Programming Is Filled With Annoying Little Things That Aren’t Code or Algorithms
There is so much coding going on that may no longer be necessary. Commit code? Maybe that doesn't make sense anymore, or at least not the way we do it...git add, git commit, git push. Worrying about technical debt? Maybe that doesn't make sense anymore. Using complicated technologies? Maybe the simplest technologies, the ones LLMs have been trained on, the ones with decades of data are best. Perhaps Tailwind CSS is the most appropriate design choice, and we can just hide it in the code with a IDE plugin. Maybe staging environments don't make sense anymore. Maybe Jira and Notion and bug tracking and design systems like Figma don't make sense any longer. Maybe having a design system isn't worth it...setting up a bunch of CSS. There are so many things that could change based on what GenAI can do. Is everything now just customer support...customer wants this feature so we ship it THIS fast.
Prompt -> Button Click -> Button Click -> Production
Or maybe not. It's hard to say, because we're in the middle of figuring out what GenAI can do with code.
So we might even get MORE time back with all this removal. It's not just that GenAI can write code, but it changes our relationship to code, and to how apps are built and how problems are solved.
So...Now Do We Have Time for Cybersecurity?
If we can ship a new feature in one day that would normally take 20 business days, what do we do with the other 19 days? Sure, of course, we just ship more features. Duh. But do we really have 19 days of features? Shouldn't we be able to dedicate one of those days to cybersecurity? Couldn't we make Tuesdays cybersecurity day, where we just push and prod and prompt the GenAI tools to make our applications, our software, more secure? To rip out those pesky bugs and upgrade libraries.
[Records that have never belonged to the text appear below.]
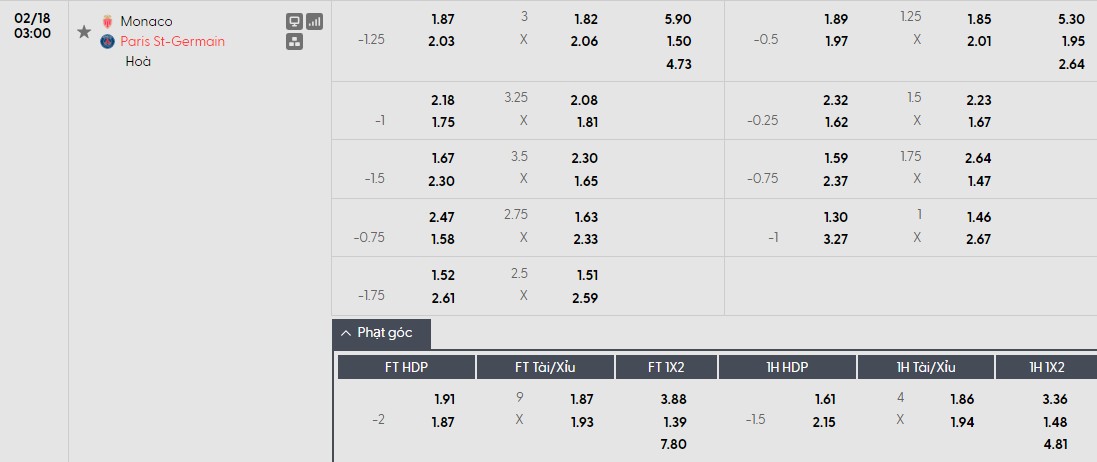 Nhật định phạt góc AS Monaco vs PSG, 3h ngày 18/02 - Ảnh 1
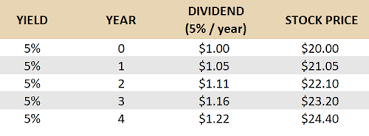 Investing in stocks, such as tier reit, is an excellent way to grow wealth. Danger Three 9 18 Reit Dividends Won T Last Long Contrarian Outlook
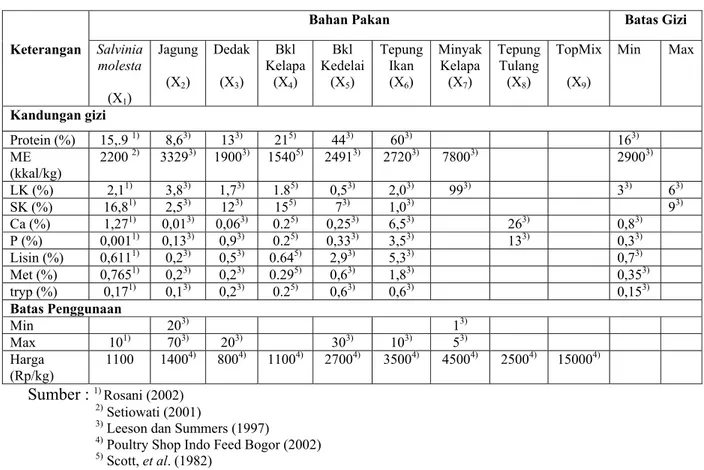 Tabel 3. Koefisien Tekno-Ekonomi  untuk formulasi ransum itik periode grower- grower-finisher 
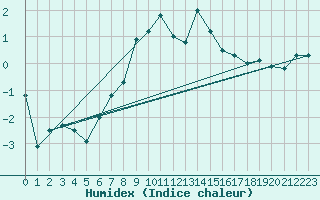 Courbe de l'humidex pour Pilatus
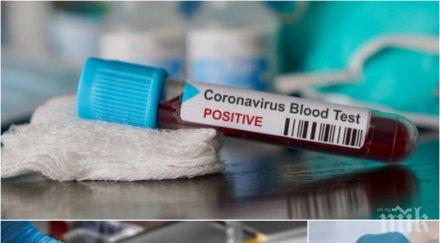 пандемията върлува лекари медицински сестри заразени денонощие починалите 127 души без придружаващи заболявания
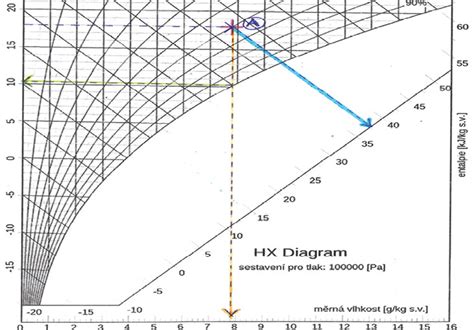 Graf znázorňujúci ideálne rozmedzie vlhkosti 40-60 % v interiéri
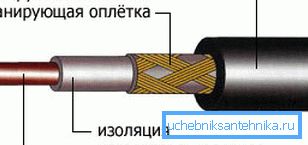 Едножилен резистивен Едножилен резистивен
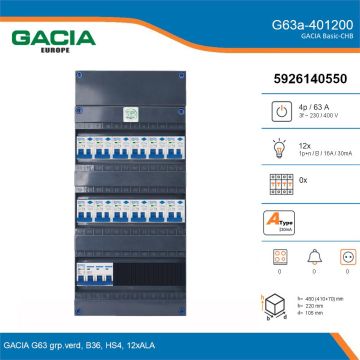 GACIA G63a-401200, 3-fase groepenkast 63A met aardlekautomaten, 12-groepen, details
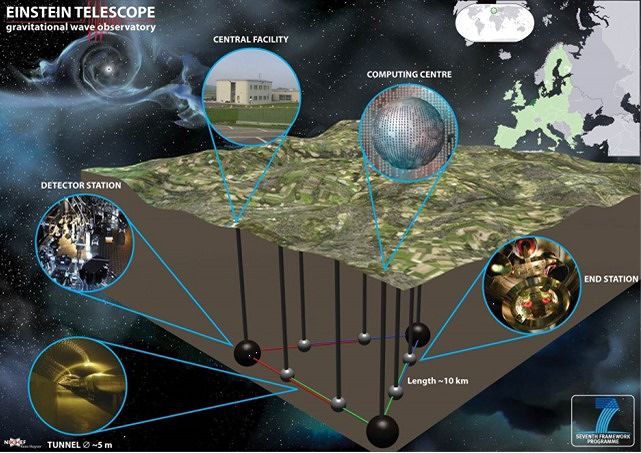 Einstein Telescope: decimo simposio internazionale l’11 e 12 aprile a Orosei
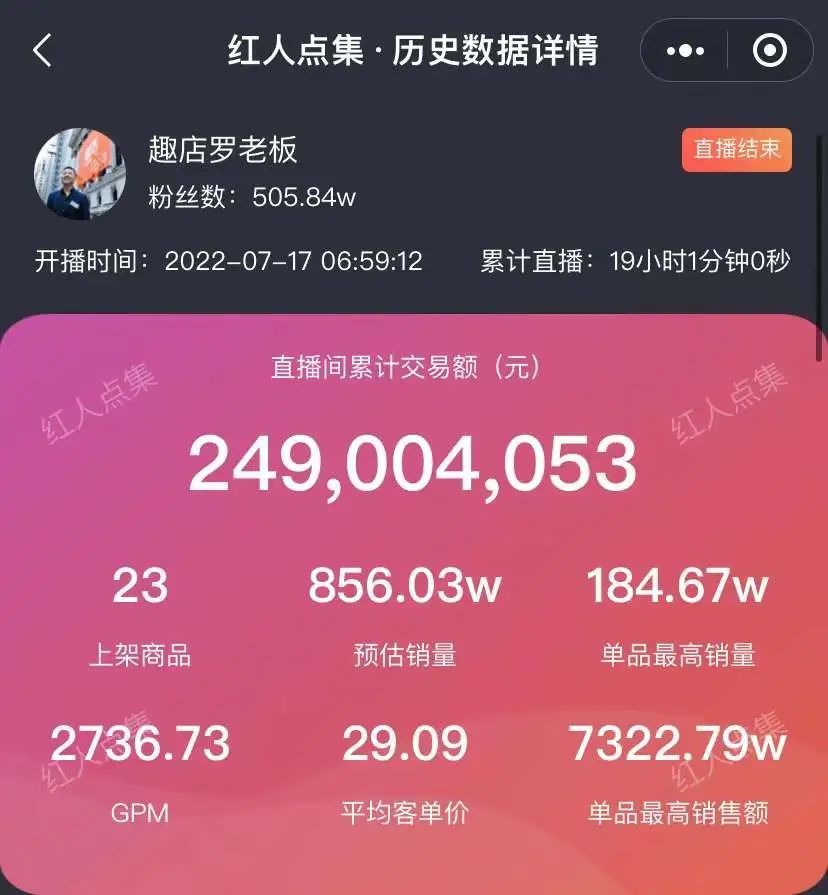 被羅敏制霸的直播間，躲得開陸正耀嗎？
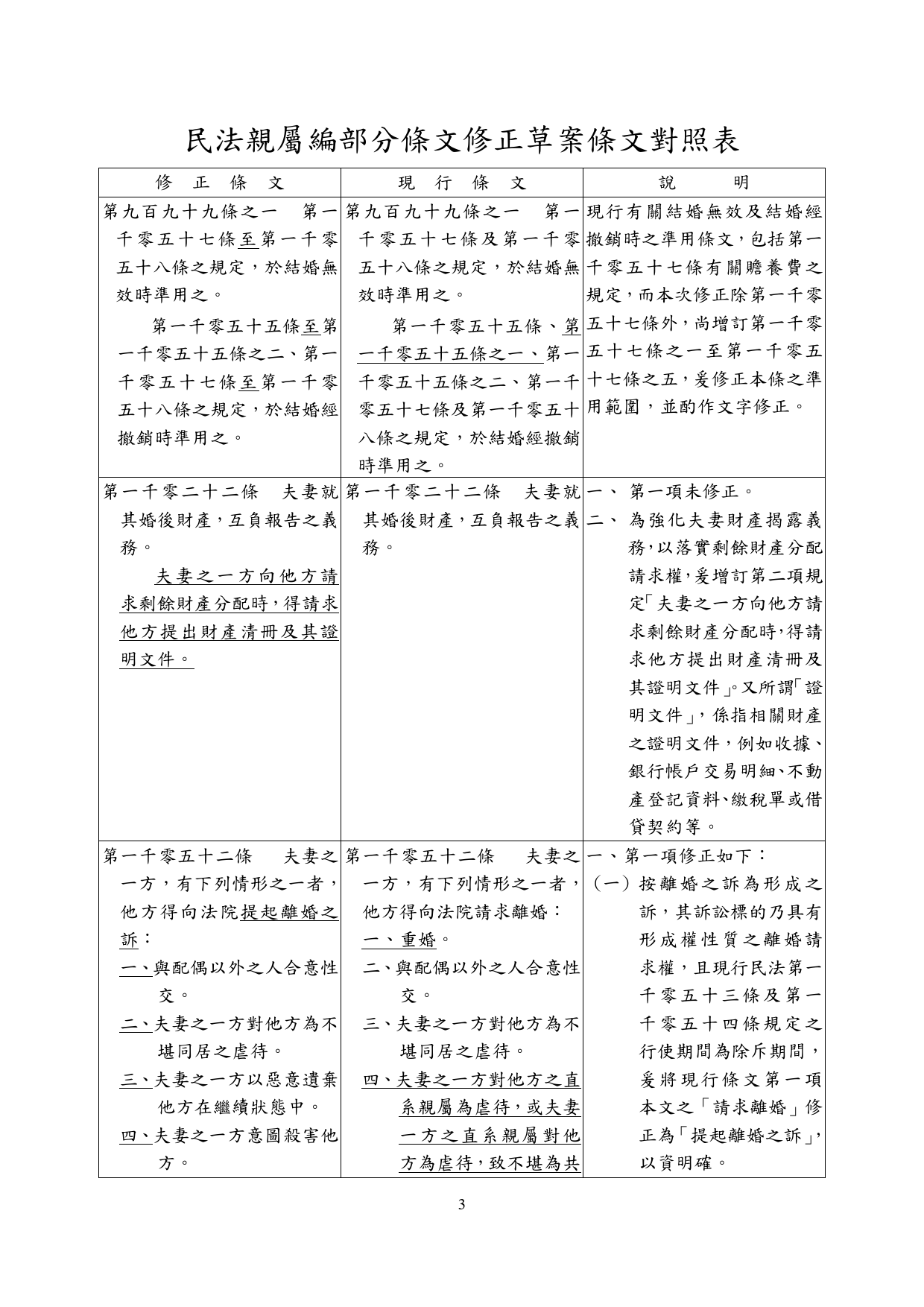 民法親屬編部分條文修正草案_01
Is cybersecurity largely a technical problem? Maybe, maybe not. I think it is, in part because software has so, so many bugs–but of course human psychology plays a huge role as well. With that in mind, maybe we are heading toward a time when we actually have the "temporal resources" to solve all the hairy technical problems in cybersecurity, but still deliver a lot more features faster, and maybe even work on hard technical problems that solve human problems (e.g., inventing and implementing other technologies with similar power, security, and scope as, say, multi-factor authentication). It sounds utopian, but, you know, why not? Why not spend at least one or two or three of those 19 days on cybersecurity?
Forget Taco Tuesday. This is my vote for Cybersecurity Tuesdays!